The implications of photochemical runaway for NH3 detectability are remarkable. In photochemical runaway (i.e., past a critical flux value), a mere order-of-magnitude increase in NH3 production flux translates to the difference between NH3 being essentially invisible and being highly detectable. We consider the detection of NH3 on a Cold Haber World via transmission spectroscopy with the upcoming JWST, anticipated to be the premier near-term exoplanet characterization opportunity (Cowan et al. 2015). We do not expect NH3 to be detectable at all on a 1.5 REarth exoplanet with an H2-dominated atmosphere orbiting a GJ 876–like star for a surface emission flux of 3 × 109 cm−2 s−1, below the runaway threshold.

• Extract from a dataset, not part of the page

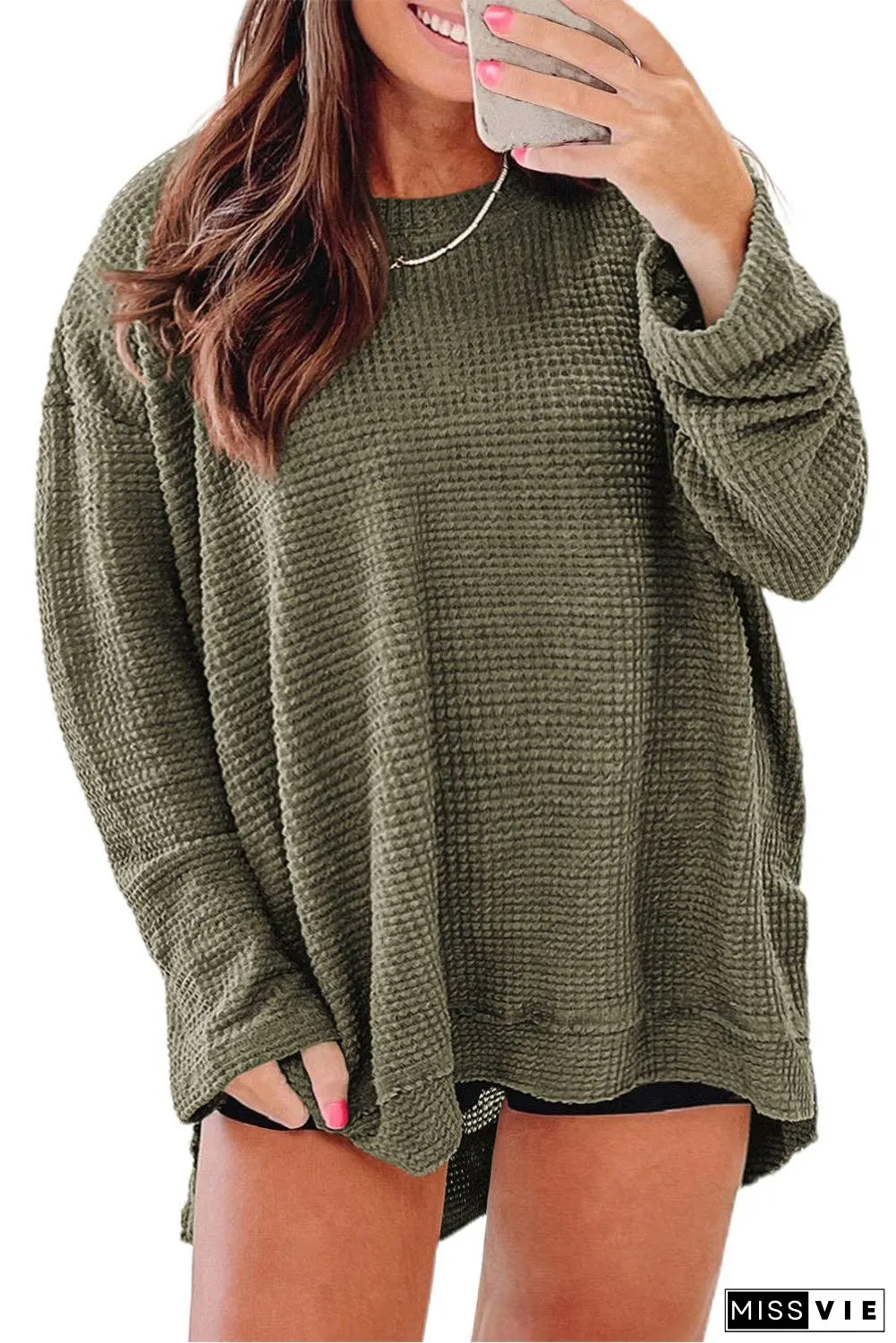 Textured Knit Long Sleeve Top Plus Size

At this surface emission flux, NH3 is confined to near the surface and rapidly decays as a function of altitude, and the marginal absorption produced by NH3 is not greater than the JWST noise floor. By comparison, two transits of JWST would suffice to detect the 1.45–1.55 μm feature of NH3 with an average significance of 5.0σ for a surface emission flux of 2 × 1010 cm−2 s−1, above the runaway threshold (Figures 2 and 3; Appendix B). At this surface emission flux, NH3 is in runaway. In runaway, NH3 concentrations are high and NH3 populates the upper atmosphere, leading to significantly enhanced spectral features over the non-runaway cases.

Figure 2.

Figure 2. The effect of photochemical runaway on the detectability of NH3. Upper panel: simulated spectra of exoplanets with H2-dominated atmospheres transiting an M-dwarf star for NH3 surface fluxes of 2 × 1010 cm−2 s−1 (orange), 3 × 109 cm−2 s−1 (blue), and 0 cm−2 s−1 (green). The y-axis shows transit depth (ppm) and the x-axis shows wavelength (μm). The spectra are simulated from 0.5 to 5 μm, covering the wavelength span of the JWST NIRSpec instrument. The yellow, green, and blue regions show the spectra coverage of NIRSpec 140 M, 235 M, and 395 M, respectively. Lower panel: comparison of the NH3 cross sections with cross sections of dominant molecules (except H2, whose spectral features are mainly dominated by collision-induced absorption) in the atmosphere, such as H2O, CO, CH4, and CO2. Photochemical runaway makes NH3 detectable.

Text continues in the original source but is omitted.